I dettagli latitano poiché ancora non ne sono state diramate le specifiche ufficiali, ma il nuovo Ubuntu è ormai realtà. La versione ribattezzata “Jaunty Jackalope” (differenziandosi dall’annunciata “Karmik Koala“) ha iniziato a far comparsa sui server del gruppo e le prime immagini masterizzabili sono disponibili al download (con alcune difficoltà dovute alla congestione dei server causata dalla concitazione del momento).
La nuova versione del sistema operativo giunge all’utenza in triplice versione: Desktop, Server e Netbook. Canonical, come sottolineato da Webnews, ha già diramato nei giorni scorsi le novità di maggior spessore e le ISO comparse in queste ore non fanno che annunciare la prossima ufficializzazione della nuova distribuzione. Coloro i quali intendono passare dalla precedente 8.10 alla 9.04 attuale potranno seguire le istruzioni riportate sul sito ufficiale: entro poche ore ogni indicazione sarà relativa alla versione “gold”, lasciando alle spalle la release candidate rilasciata nei giorni scorsi.

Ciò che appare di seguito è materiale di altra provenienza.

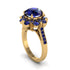 Sapphire Halo Sunburst Engagement Ring - Winter No. 73 image 2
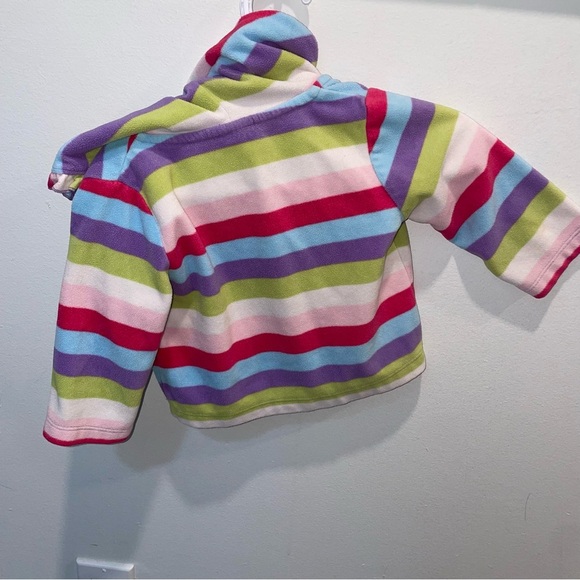 5/$15 Carter's Multicolor Striped Fleece Baby Jacket - Picture 8 of 8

Tra le novità principali della “Jaunty Jackalope” si segnalano:
- rinnovato sistema di notifiche a miglioramento dell’esperienza utente (disponibile un swf esplicativo);
- riduzione all’osso dei tempi di avvio del sistema, con valutazioni che si spingono fino ai 25 secondi con tempi ulteriormente minori nel caso in cui il sistema alloggi su hard disk SSD;
- supporto migliorato per schede WiFi e 3G;
- Gnome 2.26;
- X.Org server 1.6;
- Linux kernel 2.6.28;
- supporto al filesystem Ext4.
Mark Shuttleworth, il nome a monte del progetto Ubuntu, propone una riflessione su quello che la nuova versione andrà ad affrontare in un momento di grande evoluzione nel mondo dei device informatici: «Ci siamo chiesti se possiamo migliorare l’esperienza nel momento in cui [il desktop] diventa come un telefono… effettivamente un device da 24 ore al giorno. Vediamo device a bassissimo consumo all’orizzonte». È infatti sui netbook che il sistema operativo intende far sentire forte la propria voce: sui device di minor caratura l’open source può adattarsi meglio alle necessità richieste dal low-cost e la cosa può divenire una sorta di testa di ponte per poter portare Ubuntu anche sui desktop tradizionali.